Ser Rodrik and even few of Lord Stark’s men consider it a powerful omen, since the sigil of his friend’s House, Baratheon, is a stag, same way the sigil of House Stark is a direwolf. Ned Stark, however, doesn’t believe in omens or all that nonsense.

Poor, poor, practical-minded Lord Stark.

And the direwolf had died in childbirth, probably even giving birth to the pups after she had died, a bad omen for an animal.

Even though Robb and Brann are holding one pup each and seem to like them, Ned Stark says the animals cannot be allowed to leave.
He has already called Jory forward to put the animals to death when Jon, the one of his children who looks the most like him both physically and in personality, points out that the direwolf birthed not just two, but five pups, and that the gods have sent the animal of their sigil to his family, and that the similarity in the number of pups and his children is no coincidence.

“Your children were meant to have these pups, my Lord.”

Eddard knows that, for Jon to make that statement, he has excluded himself from the count of his children so the rest can have the pups. It was that selflessness more than anything else that made him agree for his children to take the animals as their pets. But he makes it clear that a direwolf is no dog, but a wild animal that will tear off a man’s arm just as soon as look at him. And Ned makes it clear that he will neither keep the wolves in the same kennels with his hounds nor bear any inconvenience for their upkeep. If his children want to keep their pups, they will have to feed and groom them by themselves.

If you’re wondering what the difference between a direwolf and a normal wolf is, just know that a direwolf is between two to three times as big as its much more normal wolf counterpart.

They had already left the carcass of the dead female direwolf behind and were proceeding on toward Winterfell when Jon heard a sound from behind them. He rode back quickly and came back with a sixth direwolf pup, an albino, white as snow.


Even the bastard would get to keep a pup for himself.

The real story-story begins when Robert Baratheon, King of the Seven Kingdoms and Ned Stark’s b0s0m friend, came to visit Winterfell with his wife, Cersei of House Lannister, and his children Joffrey, Tommen and Myrcella. Ned had already recieved a letter from Robert in which he said that they were coming North, and that letter also brought some bad news.

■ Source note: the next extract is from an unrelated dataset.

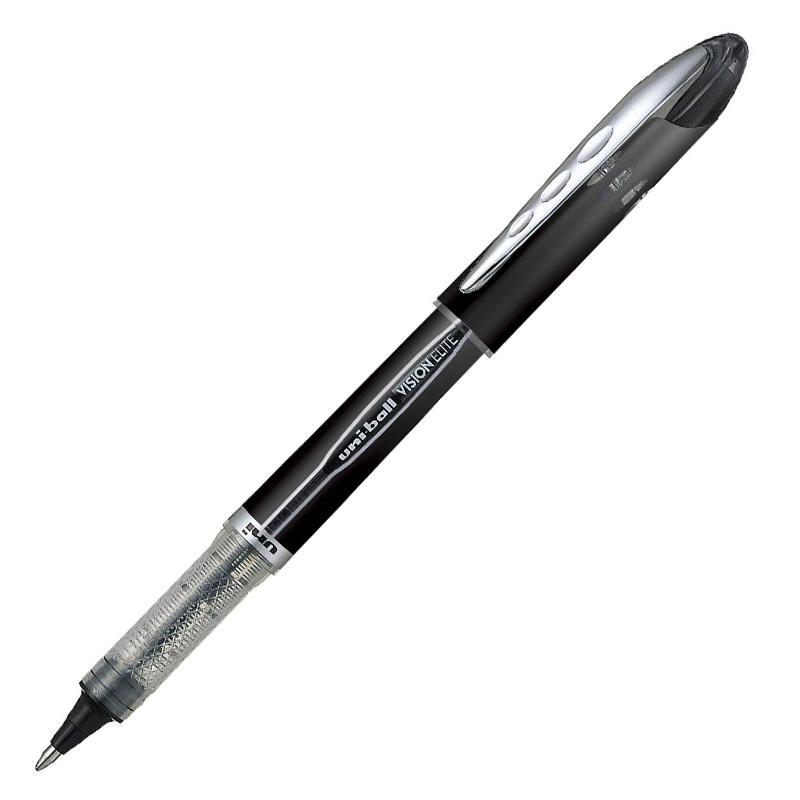 Caneta rollerball 0.5 Vision Elite UB-205 Preta Uni-Ball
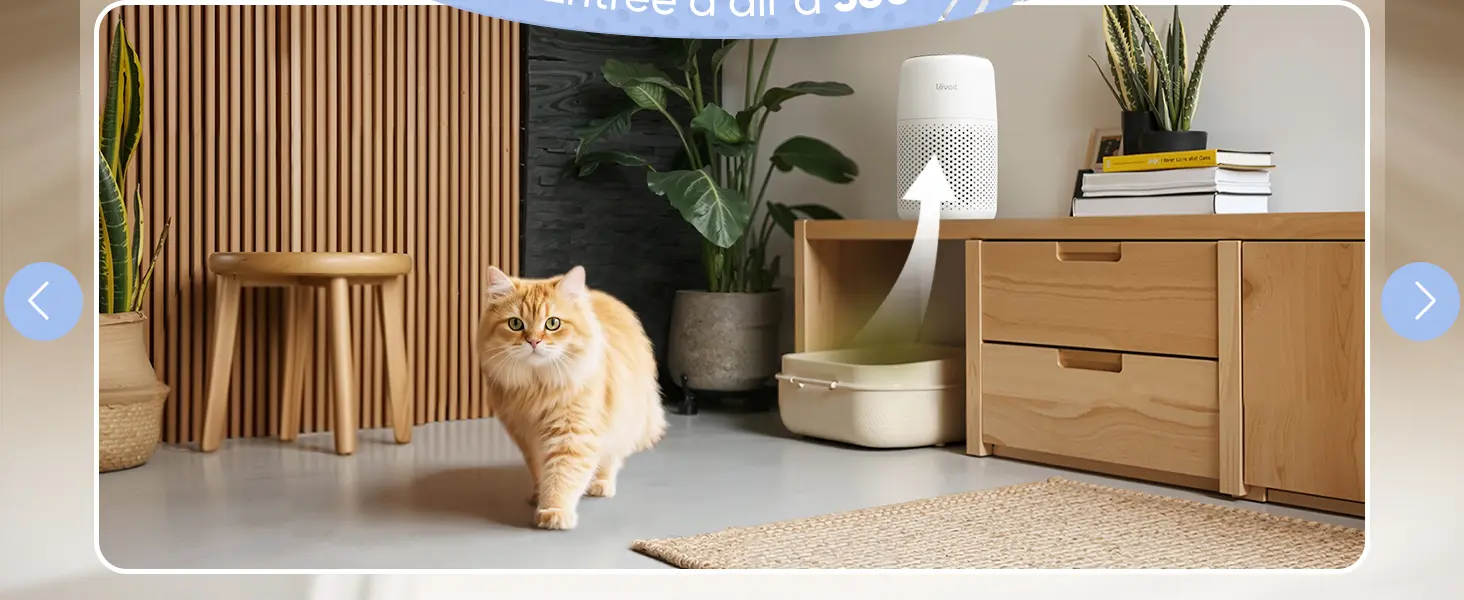 LEVOIT Purificateur d'Air Chambre, Filtration Efficace contre — contenu détaillé 10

Jon Arryn, the man at whose house Ned and Robert fostered and who has served as Hand to the King ever since Robert took the throne, has passed.

Remember when I mentioned about the sigil of House Baratheon? Yes, I meant this Baratheon.

I know what you might be thinking. “Ned Stark’s friend is the KING of the seven kingdoms? E life don set!” Which is about as wrong as you can possibly be, since this arrival ends up meaning just the opposite.
But Ned Stark already knows the reason for this visit. He recieved a letter from the king only about a week before, stating that their friend, Lord Jon Arryn of the Vale, who was Hand to the King, had just died in King’s Landing under suspicious circumstances, and that the King himself was coming to visit.
Remember what I said about King’s Landing? It is the capital of the seven kingdoms and seat of the King. Robert is originally from Storm’s End, ancestral home of the Baratheon family line.

Ned still remembers how it came to be that a Targayen no longer sat on the throne their family line had sat for centuries. The king before Robert was a Targayen, Aerys II, known the seven kingdoms over as “the Mad King”.

Remember the ancestral conquerors of the Targayen line, Aegon the Conqueror, and his sisters Rhaenys and Visenya? Well, Aegon married his two sisters, and since then, the Targayens have been so obsessed with keeping their blood pure that they continued the tradition of marrying brother and sister together.